### Crawled caption data
────────
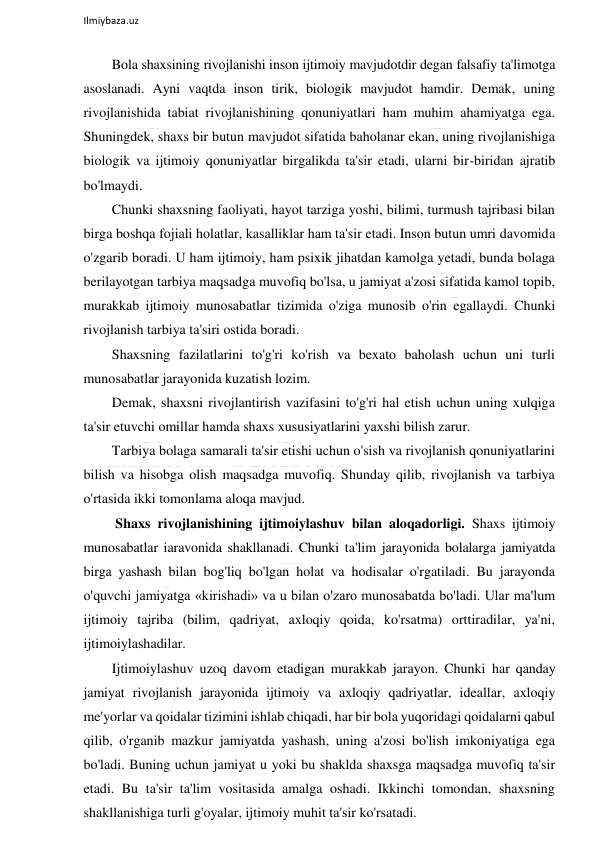  
Ilmiybaza.uz 
 
Bola shaxsining rivojlanishi inson ijtimoiy mavjudotdir degan falsafiy ta'limotga 
asoslanadi. Ayni vaqtda inson tirik, biologik mavjudot hamdir. Demak, uning 
rivojlanishida tabiat rivojlanishining qonuniyatlari ham muhim ahamiyatga ega. 
Shuningdek, shaxs bir butun mavjudot sifatida baholanar ekan, uning rivojlanishiga 
biologik va ijtimoiy qonuniyatlar birgalikda ta'sir etadi, ularni bir-biridan ajratib 
bo'lmaydi. 
Chunki shaxsning faoliyati, hayot tarziga yoshi, bilimi, turmush tajribasi bilan 
birga boshqa fojiali holatlar, kasalliklar ham ta'sir etadi. Inson butun umri davomida 
o'zgarib boradi. U ham ijtimoiy, ham psixik jihatdan kamolga yetadi, bunda bolaga 
berilayotgan tarbiya maqsadga muvofiq bo'lsa, u jamiyat a'zosi sifatida kamol topib, 
murakkab ijtimoiy munosabatlar tizimida o'ziga munosib o'rin egallaydi. Chunki 
rivojlanish tarbiya ta'siri ostida boradi. 
Shaxsning fazilatlarini to'g'ri ko'rish va bexato baholash uchun uni turli 
munosabatlar jarayonida kuzatish lozim. 
Demak, shaxsni rivojlantirish vazifasini to'g'ri hal etish uchun uning xulqiga 
ta'sir etuvchi omillar hamda shaxs xususiyatlarini yaxshi bilish zarur. 
Tarbiya bolaga samarali ta'sir etishi uchun o'sish va rivojlanish qonuniyatlarini 
bilish va hisobga olish maqsadga muvofiq. Shunday qilib, rivojlanish va tarbiya 
o'rtasida ikki tomonlama aloqa mavjud. 
 Shaxs rivojlanishining ijtimoiylashuv bilan aloqadorligi. Shaxs ijtimoiy 
munosabatlar iaravonida shakllanadi. Chunki ta'lim jarayonida bolalarga jamiyatda 
birga yashash bilan bog'liq bo'lgan holat va hodisalar o'rgatiladi. Bu jarayonda 
o'quvchi jamiyatga «kirishadi» va u bilan o'zaro munosabatda bo'ladi. Ular ma'lum 
ijtimoiy tajriba (bilim, qadriyat, axloqiy qoida, ko'rsatma) orttiradilar, ya'ni, 
ijtimoiylashadilar. 
Ijtimoiylashuv uzoq davom etadigan murakkab jarayon. Chunki har qanday 
jamiyat rivojlanish jarayonida ijtimoiy va axloqiy qadriyatlar, ideallar, axloqiy 
me'yorlar va qoidalar tizimini ishlab chiqadi, har bir bola yuqoridagi qoidalarni qabul 
qilib, o'rganib mazkur jamiyatda yashash, uning a'zosi bo'lish imkoniyatiga ega 
bo'ladi. Buning uchun jamiyat u yoki bu shaklda shaxsga maqsadga muvofiq ta'sir 
etadi. Bu ta'sir ta'lim vositasida amalga oshadi. Ikkinchi tomondan, shaxsning 
shakllanishiga turli g'oyalar, ijtimoiy muhit ta'sir ko'rsatadi. 
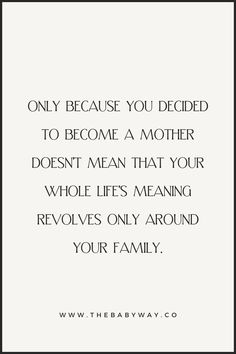 a quote that says, only because you decided to become a mother doesn't mean that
────────
### ACTION ITEM
Quote, please, only the lines running from the one with "shakllanishiga turli g'oyalar, ijtimoiy" down to the final line of the data above, keeping both ends and skipping the pictures.

### WRITTEN RESPONSE
shakllanishiga turli g'oyalar, ijtimoiy muhit ta'sir ko'rsatadi. 
 a quote that says, only because you decided to become a mother doesn't mean that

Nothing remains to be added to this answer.